#### Data for review ####

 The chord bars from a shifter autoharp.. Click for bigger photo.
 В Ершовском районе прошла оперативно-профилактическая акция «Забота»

####
#### Data for review ####

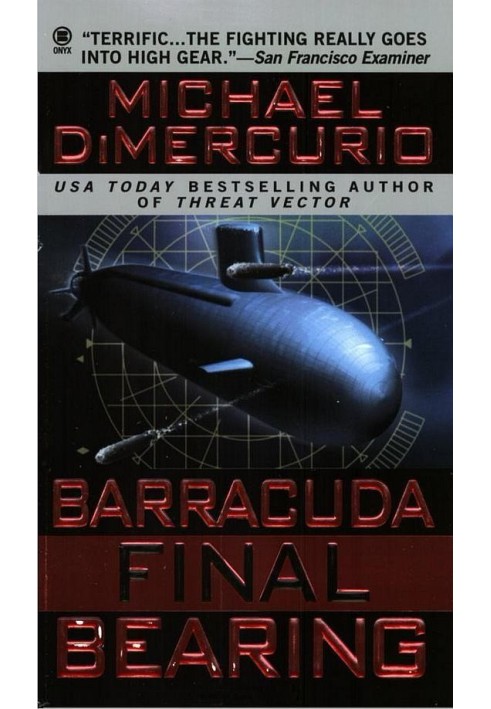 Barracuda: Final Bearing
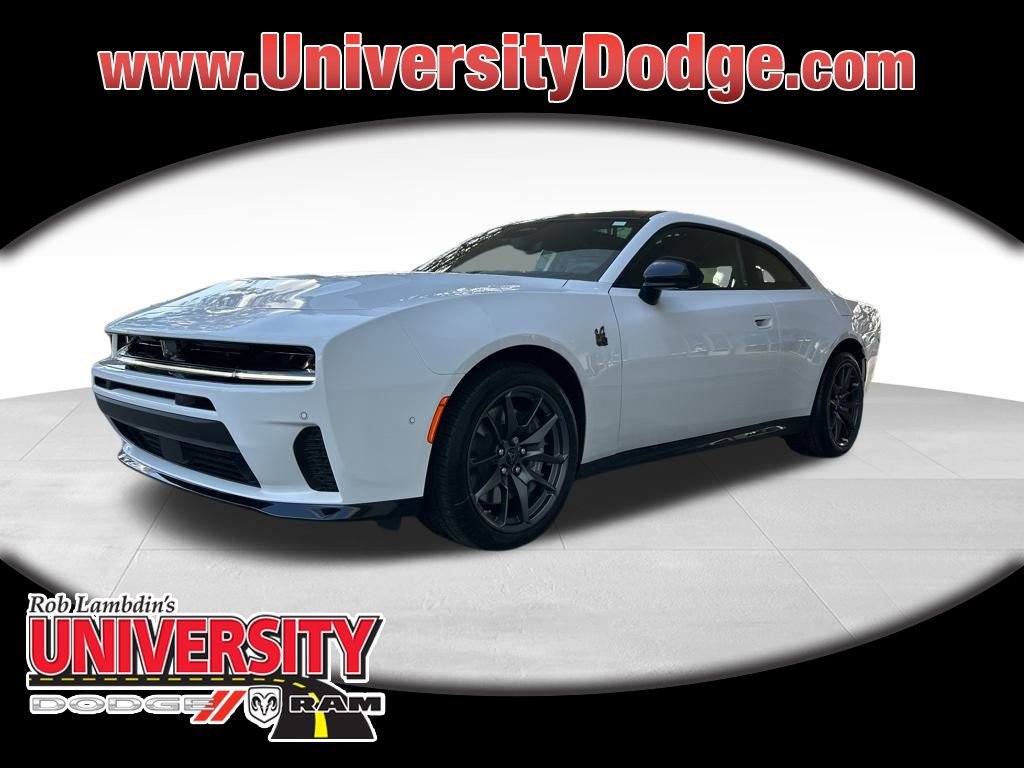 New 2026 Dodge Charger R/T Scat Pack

####
#### Data for review ####

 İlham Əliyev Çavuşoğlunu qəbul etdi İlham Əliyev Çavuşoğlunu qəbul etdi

####

Exercise instructions — Please give back exactly the lines of this listing beginning at the line with "The chord bars" and ending with the line with "В Ершовском районе", both included, and nothing else.

Response to the task —
 The chord bars from a shifter autoharp.. Click for bigger photo.
 В Ершовском районе прошла оперативно-профилактическая акция «Забота»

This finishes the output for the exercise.